Waltham-Data-Science · audriB · Apr 27, 2026
diff --git a/backend/services/dataset_summary_service.py b/backend/services/dataset_summary_service.py
@@ -423,16 +423,52 @@ async def _build(
                 f"class counts query failed: counts fetch exceeded "
                 f"{STAGE_1_FETCH_TIMEOUT_SECONDS}s",
             )
-            # Zero-counts fallback: stage 2 sees `subjects_present=False`
-            # and `probe_present=False`, so the per-class fetches all
-            # short-circuit to `_empty_list()` and stage 2 finishes in
-            # microseconds. Net effect: a degraded summary with all
-            # facts None / 0 + two extraction warnings (counts + the
-            # implicit "no data so we didn't fan out" state).
+            # Synthesize a counts envelope from the dataset record's
+            # raw fields (``numberOfSubjects``, ``documentCount``)

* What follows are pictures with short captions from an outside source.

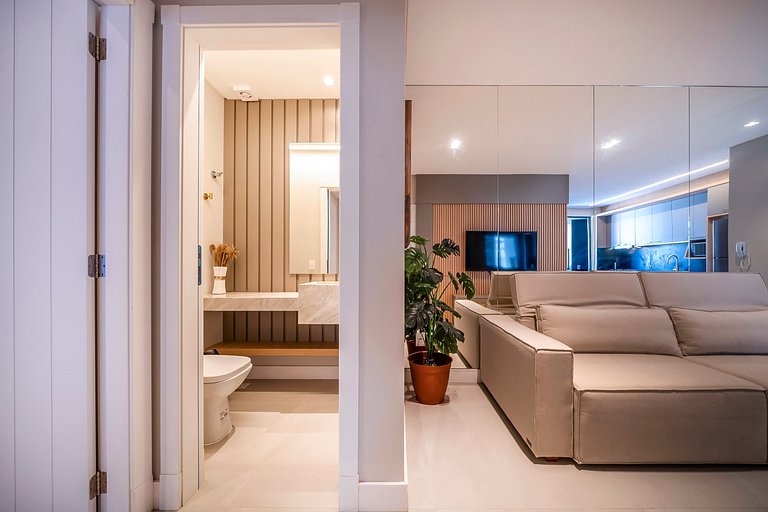 Leme 107 - Novíssimo Apartamento a Poucos Metros do Mar em B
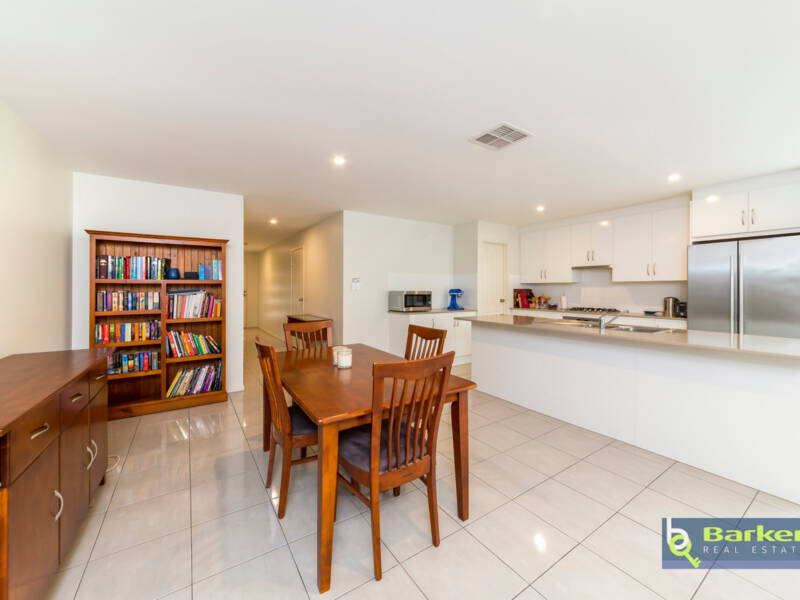 32 Scarlet Avenue, MUNNO PARA, SA 5115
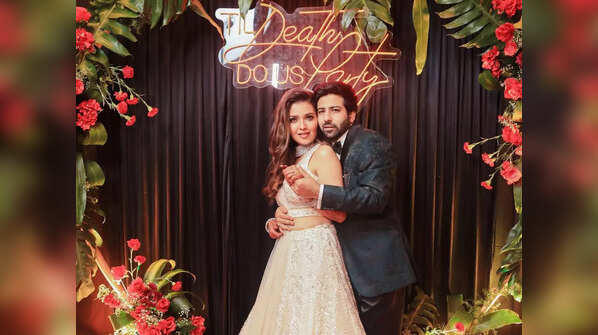 Bride wears white for sangeet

+            # when the cloud's `/document-class-counts` endpoint
+            # times out. This is critical for large datasets (101k+
+            # docs) where /document-class-counts is THE perf bottleneck:
+            # without this fallback, ``subjects_present`` defaults to
+            # False, stage 2 short-circuits, and the user sees a
+            # degraded summary even though the dataset record itself
+            # has the subject count right there.
+            #
+            # The classCounts blob only includes ``subject`` (mapped
+            # from ``numberOfSubjects``) — the cloud's class-counts
+            # endpoint is the ONLY canonical source for per-class
+            # buckets like sessions/probes/elements/epochs, and we
+            # don't have those on the dataset record. Setting them to
+            # 0 keeps `_counts_from_raw` happy; their absence is
+            # already documented via the warning so an operator sees
+            # the cause-and-effect.
+            #
+            # `probe_present` upstream uses `counts.probes > 0 or
+            # counts.elements > 0` — neither is exposed on the
+            # dataset record. We bridge that by also signaling probe
+            # presence whenever ``documentCount > 0``: if the dataset
+            # has any documents at all, it's worth attempting the
+            # probe_location + element fanout. Worst case the
+            # ndiquery there times out at the per-class deadline and
+            # we fall back to None for those facts. Best case we land
+            # full data despite the counts timeout.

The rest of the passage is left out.